Alternate history Earth. 1931.
Long ago on an unknown world, an alien race launched hundreds of thousands of probes, each with the purpose similar to the Voyager Golden Records. The records, in this case, are computational devices extremely dissimilar to the computers evolving on Earth. The computers are built on a crystalline technology, and contain numerous cultural records, description of the aliens, literary works, some documents of engineering and sciences, and attempting to be a Rosetta Stone to their language.
These probes are sent to a great number of planets that the aliens theorize could support life. Multiple probes are sent to each planet as a means of redundancy in case of failure, destruction, or simply being lost on the planets' surfaces. Twelve such probes are pointed at Earth, eight surviving the journey and landing.
These probes are discovered by various civilizations on Earth, and are horded away in secrecy as governments attempt to reverse engineer the technology and crack the extraordinarily... well, alien language.
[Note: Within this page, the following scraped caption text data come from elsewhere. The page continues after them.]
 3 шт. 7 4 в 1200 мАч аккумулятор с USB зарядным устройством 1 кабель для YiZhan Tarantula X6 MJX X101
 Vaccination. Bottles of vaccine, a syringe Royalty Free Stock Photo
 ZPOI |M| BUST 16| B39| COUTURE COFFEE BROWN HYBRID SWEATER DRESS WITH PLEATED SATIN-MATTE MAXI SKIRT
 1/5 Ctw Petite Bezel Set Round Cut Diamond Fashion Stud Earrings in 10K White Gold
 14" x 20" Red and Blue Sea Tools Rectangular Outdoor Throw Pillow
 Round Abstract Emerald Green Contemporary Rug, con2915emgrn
The venture for each government is a horrible uphill battle and is met with painstakingly slow progress. Each government makes miniscule baby steps in developing from the computers, and each government makes roughly the same advancement in their journies. The advancements are considered issues of national security and aren't shared or advertized. Virtually every government that can be considered a world power has access to a probe, either due to it landing on their soil, or by 'acquiring' it from another country by whatever means necessary. All world powers know--or suspect--that the probes exist, but the knowledge of them is kept from the public.
World War II rolls around. Minor advancements from the alien technology roll out on the battlefield on all sides, but none meaningful; none significantly affect the progression of war one way or the other.
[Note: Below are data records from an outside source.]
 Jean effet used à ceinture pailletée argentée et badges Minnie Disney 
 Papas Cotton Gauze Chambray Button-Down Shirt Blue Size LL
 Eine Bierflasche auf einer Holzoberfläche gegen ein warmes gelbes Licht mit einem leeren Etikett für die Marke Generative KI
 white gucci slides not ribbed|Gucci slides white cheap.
Late into the war as Germany is being pushed back, German scientists finally are met with a string of successes in reverse engineering the computer, and are able to figure out how to approximately replicate the computers.
They grow their own crystals and figure out a way to roughly accept output from, and feed input to the alien computation devices via traditional human computers and applications of light and voltage. The inputs fed are obscenely crude, but the crystals appear to adjust themselves to accommodate to the human engineers' shortcomings.
The computation devices can't be directly controlled, but function as something like AIs; the computers explore their ability to interact with inputs and outputs to understand their environments, and act to ensure their own self preservation. Scientists can find no way to directly communicate with the crystals (even by creating languages of voltage and light inputs); they have no idea if the crystals are incapable of communication as humans understand it, or if they simply have no desire to communicate.
This lack of control and communication means the application of the alien computers are extremely limited.
The human computers are hopelessly outmatched by the alien tech, so the computers interfacing with the crystals aren't really computers; the humans don't attempt to compute, just provide electric/electronic interfaces.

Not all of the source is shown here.